Menanggapi hal tersebut, Ketua Umum DPP Persagi, Doddy Izwardi, menyarankan pemerintah untuk memprioritaskan penggunaan bahan pangan lokal dalam menu MBG. Ia menekankan pentingnya pemahaman tentang pangan lokal di setiap daerah bagi Sumber Daya Manusia (SDM) yang terlibat dalam pengolahan dan pemilihan makanan. Hal ini penting untuk mendukung petani lokal dan mengurangi ketergantungan pada impor.

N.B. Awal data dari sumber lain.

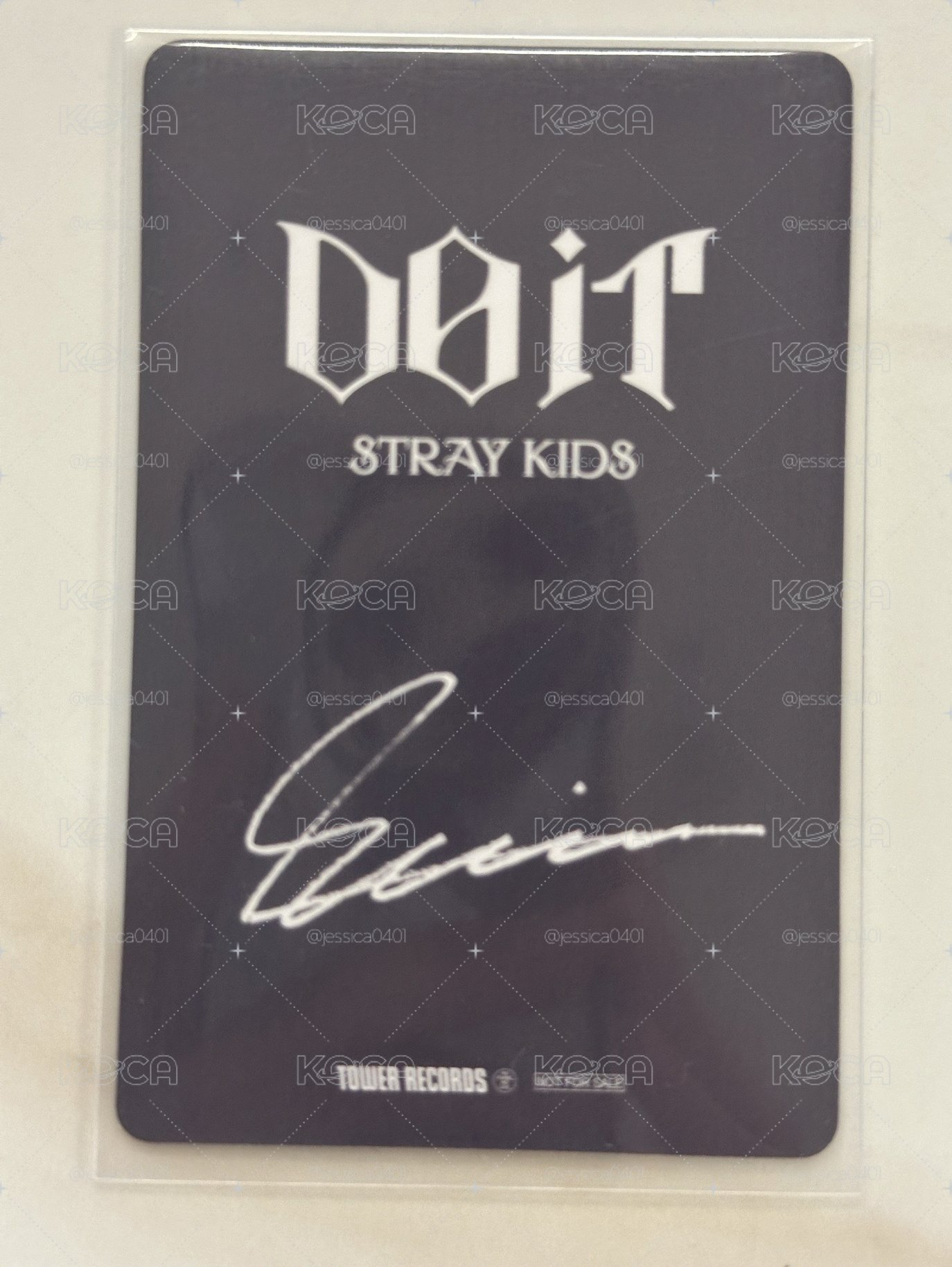 ［有印簽］Stray Kids 金昇玟 DO IT 塔店 幸運卡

Doddy mencontohkan isu impor kentang yang meningkat, padahal Indonesia memiliki potensi besar dalam sumber pangan lokal lainnya. “Jangan sampai tadi kan Pak Menko bilang, ‘Oh, iya kentang kok semakin meningkat ya, impor makin meningkat,’ berarti kan konsumsi kentang berhasil dimakan oleh rakyat Indonesia. Padahal kita tidak, tanahnya tidak cukup untuk menanam kentang kan,” jelas Doddy, menyoroti pentingnya diversifikasi pangan.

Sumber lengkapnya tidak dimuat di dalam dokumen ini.